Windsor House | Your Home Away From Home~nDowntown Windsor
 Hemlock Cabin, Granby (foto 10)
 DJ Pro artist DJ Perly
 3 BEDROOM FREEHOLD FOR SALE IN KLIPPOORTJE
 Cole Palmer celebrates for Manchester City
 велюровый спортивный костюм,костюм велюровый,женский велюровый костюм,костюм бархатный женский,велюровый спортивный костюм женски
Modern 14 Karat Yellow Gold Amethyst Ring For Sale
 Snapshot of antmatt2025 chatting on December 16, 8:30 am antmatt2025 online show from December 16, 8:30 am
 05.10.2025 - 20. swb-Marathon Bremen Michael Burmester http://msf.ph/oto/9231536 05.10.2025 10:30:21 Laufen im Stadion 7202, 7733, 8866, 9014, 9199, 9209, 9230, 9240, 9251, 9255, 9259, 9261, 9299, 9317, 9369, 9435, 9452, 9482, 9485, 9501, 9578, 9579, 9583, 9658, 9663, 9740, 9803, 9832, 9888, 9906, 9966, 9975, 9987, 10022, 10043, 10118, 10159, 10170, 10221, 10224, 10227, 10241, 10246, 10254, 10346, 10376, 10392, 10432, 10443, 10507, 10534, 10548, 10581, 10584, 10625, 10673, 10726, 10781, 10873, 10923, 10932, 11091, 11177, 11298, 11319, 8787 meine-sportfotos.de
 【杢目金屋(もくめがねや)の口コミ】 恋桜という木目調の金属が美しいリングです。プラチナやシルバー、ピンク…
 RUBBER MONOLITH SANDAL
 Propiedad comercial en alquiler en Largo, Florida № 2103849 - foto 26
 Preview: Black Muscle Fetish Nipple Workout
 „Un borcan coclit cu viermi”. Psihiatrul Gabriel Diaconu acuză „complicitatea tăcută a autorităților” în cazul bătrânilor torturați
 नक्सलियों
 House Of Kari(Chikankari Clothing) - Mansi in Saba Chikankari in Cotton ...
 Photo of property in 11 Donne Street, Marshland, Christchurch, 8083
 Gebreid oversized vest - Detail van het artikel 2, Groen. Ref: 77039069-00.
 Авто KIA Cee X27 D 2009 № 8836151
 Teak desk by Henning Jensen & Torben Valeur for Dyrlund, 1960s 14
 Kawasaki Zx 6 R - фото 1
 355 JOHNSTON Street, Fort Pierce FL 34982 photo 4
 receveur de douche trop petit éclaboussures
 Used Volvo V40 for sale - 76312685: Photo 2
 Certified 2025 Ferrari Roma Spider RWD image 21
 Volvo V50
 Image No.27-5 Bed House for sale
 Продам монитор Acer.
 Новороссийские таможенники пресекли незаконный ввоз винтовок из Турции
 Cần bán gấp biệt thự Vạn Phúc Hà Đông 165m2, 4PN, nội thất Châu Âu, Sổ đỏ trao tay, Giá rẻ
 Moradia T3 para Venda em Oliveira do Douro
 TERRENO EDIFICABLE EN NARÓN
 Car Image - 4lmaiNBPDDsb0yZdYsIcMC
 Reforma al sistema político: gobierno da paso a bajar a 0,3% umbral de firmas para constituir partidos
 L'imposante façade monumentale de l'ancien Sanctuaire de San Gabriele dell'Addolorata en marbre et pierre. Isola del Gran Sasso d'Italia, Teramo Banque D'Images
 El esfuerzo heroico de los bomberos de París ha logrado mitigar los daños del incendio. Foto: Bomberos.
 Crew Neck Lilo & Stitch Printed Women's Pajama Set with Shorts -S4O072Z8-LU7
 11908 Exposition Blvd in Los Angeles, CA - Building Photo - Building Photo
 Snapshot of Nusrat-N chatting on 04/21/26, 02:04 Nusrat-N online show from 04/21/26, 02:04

__Task objective__.
Look through the data above for the string "Volvo" and copy every line where it appears.

__Solved problem__.
 Used Volvo V40 for sale - 76312685: Photo 2
 Volvo V50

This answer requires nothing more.